>>>

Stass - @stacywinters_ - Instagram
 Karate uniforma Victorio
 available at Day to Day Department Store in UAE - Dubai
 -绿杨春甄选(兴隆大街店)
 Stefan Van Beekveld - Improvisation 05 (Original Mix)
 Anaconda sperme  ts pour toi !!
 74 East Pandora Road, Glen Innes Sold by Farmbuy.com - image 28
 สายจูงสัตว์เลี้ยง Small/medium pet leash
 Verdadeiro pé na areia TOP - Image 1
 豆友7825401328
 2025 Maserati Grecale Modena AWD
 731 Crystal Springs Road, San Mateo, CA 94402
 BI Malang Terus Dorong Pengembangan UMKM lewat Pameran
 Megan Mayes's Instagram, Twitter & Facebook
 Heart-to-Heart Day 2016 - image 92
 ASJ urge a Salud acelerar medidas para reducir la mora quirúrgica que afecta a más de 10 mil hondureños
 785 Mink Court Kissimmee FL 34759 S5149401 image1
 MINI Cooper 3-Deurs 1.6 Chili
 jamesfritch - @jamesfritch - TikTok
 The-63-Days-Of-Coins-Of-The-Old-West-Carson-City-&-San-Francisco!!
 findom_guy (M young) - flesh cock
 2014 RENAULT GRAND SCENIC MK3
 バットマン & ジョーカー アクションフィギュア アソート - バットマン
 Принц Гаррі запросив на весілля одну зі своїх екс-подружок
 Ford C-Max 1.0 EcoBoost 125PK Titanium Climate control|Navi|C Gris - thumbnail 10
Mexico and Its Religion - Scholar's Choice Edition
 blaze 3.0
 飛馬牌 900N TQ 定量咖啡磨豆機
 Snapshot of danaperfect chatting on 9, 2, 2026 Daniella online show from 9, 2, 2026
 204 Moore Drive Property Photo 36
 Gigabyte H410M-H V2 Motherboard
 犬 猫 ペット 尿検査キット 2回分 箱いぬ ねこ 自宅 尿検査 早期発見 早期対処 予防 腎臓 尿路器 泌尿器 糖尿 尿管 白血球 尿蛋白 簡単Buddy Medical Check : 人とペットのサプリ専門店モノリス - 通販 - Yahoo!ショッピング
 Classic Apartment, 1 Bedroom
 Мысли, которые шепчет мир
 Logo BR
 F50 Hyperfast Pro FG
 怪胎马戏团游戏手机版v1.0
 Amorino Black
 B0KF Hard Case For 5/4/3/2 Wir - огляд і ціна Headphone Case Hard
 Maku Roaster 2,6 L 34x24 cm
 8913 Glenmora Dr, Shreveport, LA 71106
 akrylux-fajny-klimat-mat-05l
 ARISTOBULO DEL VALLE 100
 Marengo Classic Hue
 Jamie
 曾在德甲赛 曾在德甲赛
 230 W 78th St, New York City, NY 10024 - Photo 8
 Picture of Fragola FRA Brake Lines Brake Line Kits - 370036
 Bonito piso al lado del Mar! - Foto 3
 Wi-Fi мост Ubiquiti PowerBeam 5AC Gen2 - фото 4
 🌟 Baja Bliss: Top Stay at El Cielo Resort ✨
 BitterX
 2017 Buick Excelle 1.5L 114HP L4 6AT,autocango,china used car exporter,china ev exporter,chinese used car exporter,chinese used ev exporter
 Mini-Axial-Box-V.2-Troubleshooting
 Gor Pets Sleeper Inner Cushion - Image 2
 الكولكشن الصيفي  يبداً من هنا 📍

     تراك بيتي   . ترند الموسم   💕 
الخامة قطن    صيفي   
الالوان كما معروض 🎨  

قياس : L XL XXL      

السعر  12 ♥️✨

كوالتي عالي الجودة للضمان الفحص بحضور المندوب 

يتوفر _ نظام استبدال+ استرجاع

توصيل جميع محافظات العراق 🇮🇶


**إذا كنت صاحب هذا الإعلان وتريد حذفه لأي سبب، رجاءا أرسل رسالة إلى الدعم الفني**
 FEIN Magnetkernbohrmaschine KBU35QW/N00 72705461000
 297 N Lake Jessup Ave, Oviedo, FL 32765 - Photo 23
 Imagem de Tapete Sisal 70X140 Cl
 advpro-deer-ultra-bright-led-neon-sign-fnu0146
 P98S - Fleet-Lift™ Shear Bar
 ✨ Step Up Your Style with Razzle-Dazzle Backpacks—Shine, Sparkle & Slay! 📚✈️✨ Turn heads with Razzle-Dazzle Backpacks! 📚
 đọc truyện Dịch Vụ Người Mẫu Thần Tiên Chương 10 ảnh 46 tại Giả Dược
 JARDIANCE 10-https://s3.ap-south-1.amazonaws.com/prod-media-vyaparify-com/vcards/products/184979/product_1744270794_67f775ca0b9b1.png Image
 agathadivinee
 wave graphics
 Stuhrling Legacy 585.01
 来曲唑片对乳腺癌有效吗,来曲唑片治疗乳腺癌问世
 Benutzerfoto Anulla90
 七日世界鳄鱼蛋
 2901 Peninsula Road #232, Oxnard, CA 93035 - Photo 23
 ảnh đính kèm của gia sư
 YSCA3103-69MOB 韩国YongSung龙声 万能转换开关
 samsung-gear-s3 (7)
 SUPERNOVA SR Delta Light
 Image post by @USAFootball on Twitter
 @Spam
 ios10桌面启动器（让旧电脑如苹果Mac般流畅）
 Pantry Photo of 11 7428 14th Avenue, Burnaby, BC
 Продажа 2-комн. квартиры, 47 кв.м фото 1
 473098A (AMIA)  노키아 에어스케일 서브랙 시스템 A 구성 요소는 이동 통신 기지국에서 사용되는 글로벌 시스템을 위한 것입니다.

<<<

Could you print exactly the lines from the one containing "Bonito piso al lado del Mar! - Foto 3" through the last line of the records above?

 Bonito piso al lado del Mar! - Foto 3
 Wi-Fi мост Ubiquiti PowerBeam 5AC Gen2 - фото 4
 🌟 Baja Bliss: Top Stay at El Cielo Resort ✨
 BitterX
 2017 Buick Excelle 1.5L 114HP L4 6AT,autocango,china used car exporter,china ev exporter,chinese used car exporter,chinese used ev exporter
 Mini-Axial-Box-V.2-Troubleshooting
 Gor Pets Sleeper Inner Cushion - Image 2
 الكولكشن الصيفي  يبداً من هنا 📍

     تراك بيتي   . ترند الموسم   💕 
الخامة قطن    صيفي   
الالوان كما معروض 🎨  

قياس : L XL XXL      

السعر  12 ♥️✨

كوالتي عالي الجودة للضمان الفحص بحضور المندوب 

يتوفر _ نظام استبدال+ استرجاع

توصيل جميع محافظات العراق 🇮🇶


**إذا كنت صاحب هذا الإعلان وتريد حذفه لأي سبب، رجاءا أرسل رسالة إلى الدعم الفني**
 FEIN Magnetkernbohrmaschine KBU35QW/N00 72705461000
 297 N Lake Jessup Ave, Oviedo, FL 32765 - Photo 23
 Imagem de Tapete Sisal 70X140 Cl
 advpro-deer-ultra-bright-led-neon-sign-fnu0146
 P98S - Fleet-Lift™ Shear Bar
 ✨ Step Up Your Style with Razzle-Dazzle Backpacks—Shine, Sparkle & Slay! 📚✈️✨ Turn heads with Razzle-Dazzle Backpacks! 📚
 đọc truyện Dịch Vụ Người Mẫu Thần Tiên Chương 10 ảnh 46 tại Giả Dược
 JARDIANCE 10-https://s3.ap-south-1.amazonaws.com/prod-media-vyaparify-com/vcards/products/184979/product_1744270794_67f775ca0b9b1.png Image
 agathadivinee
 wave graphics
 Stuhrling Legacy 585.01
 来曲唑片对乳腺癌有效吗,来曲唑片治疗乳腺癌问世
 Benutzerfoto Anulla90
 七日世界鳄鱼蛋
 2901 Peninsula Road #232, Oxnard, CA 93035 - Photo 23
 ảnh đính kèm của gia sư
 YSCA3103-69MOB 韩国YongSung龙声 万能转换开关
 samsung-gear-s3 (7)
 SUPERNOVA SR Delta Light
 Image post by @USAFootball on Twitter
 @Spam
 ios10桌面启动器（让旧电脑如苹果Mac般流畅）
 Pantry Photo of 11 7428 14th Avenue, Burnaby, BC
 Продажа 2-комн. квартиры, 47 кв.м фото 1
 473098A (AMIA)  노키아 에어스케일 서브랙 시스템 A 구성 요소는 이동 통신 기지국에서 사용되는 글로벌 시스템을 위한 것입니다.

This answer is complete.